Es ist ein wenig seltsam, dass ich irgendwie überhaupt keine Photos von dieser ganzen Zeit habe. Heutzutage photographiert man ja ohne Unterlass alles. Es gab damals auch noch keine Begriffe wie Nerd oder Geek. Alles eh völlig überladene Begriffe. Heute ist sowas hip. Besonders in Berlin. Man setzt sich im Sommer mit Pudelmütze und MacBook ins St. Oberholz und liked den Sonnenschirm vom Schwager auf Insta. Schon ist man ein hipper Nerd. Früher war das nicht so einfach. Man musste schon irgendwas an Technik lieben. Und damit war man nicht angesagt. Aber das war einem egal. Vielleicht war man Computerkid. Es hätte auch seltsam ausgesehen, sich mit einem Amiga 2000 in ein Café zu setzen. Latte Macchiato mit Hafermilch kannte ja auch noch keiner. Und Internet gab es auch nicht. Und wenn man Kontakt mit einem fremden Computer hätte aufnehmen wollen, hätte das Café nicht mehr telefonieren können. Man wäre sehr schnell rausgeflogen, auch wegen dem langen Kabel.
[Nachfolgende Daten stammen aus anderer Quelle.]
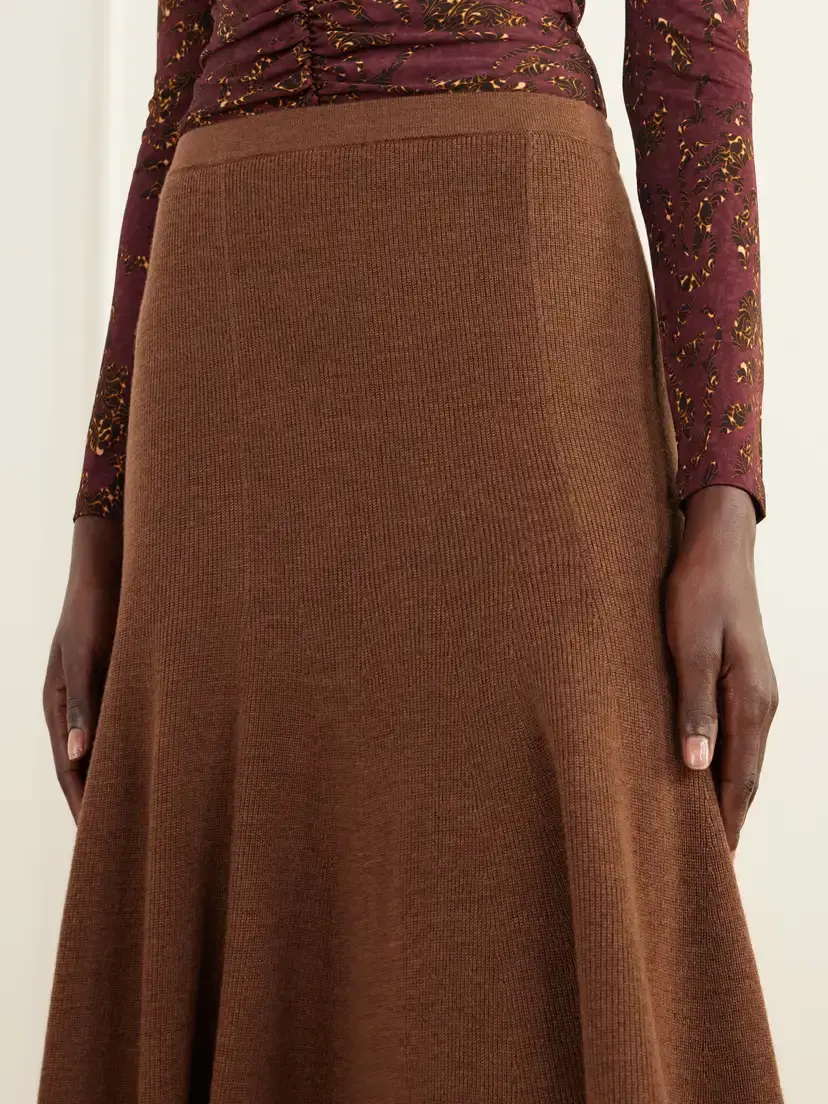 Ulla Johnson Azaria Merino Wool Midi Skirt | Thumbnail 5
Eine weitere wichtige Zeitschrift dieser Zeit war die Happy Computer. Nicht-Computerkids machten dann gerne den Witz, man solle doch lieber die Happy Weekend kaufen. Hat ja auch was mit Liebe zu tun, entfernt. Wikipedia sagt, die Happy Weekend gibt es immer noch. Ich bin ja jetzt öfters bei Raststätten, das muss ich überprüfen. Die Happy Computer gibt es natürlich schon lange nicht mehr. Computerliebe ist doch vergänglicher als fleischliche Liebe wie es scheint.

Aber wenn man will kann man auch heute noch Tracker nutzen zum komponieren. Und eine Demoszene gibt es auch immer noch. Vielleicht sollte ich mal wieder hingehen, irgendwann.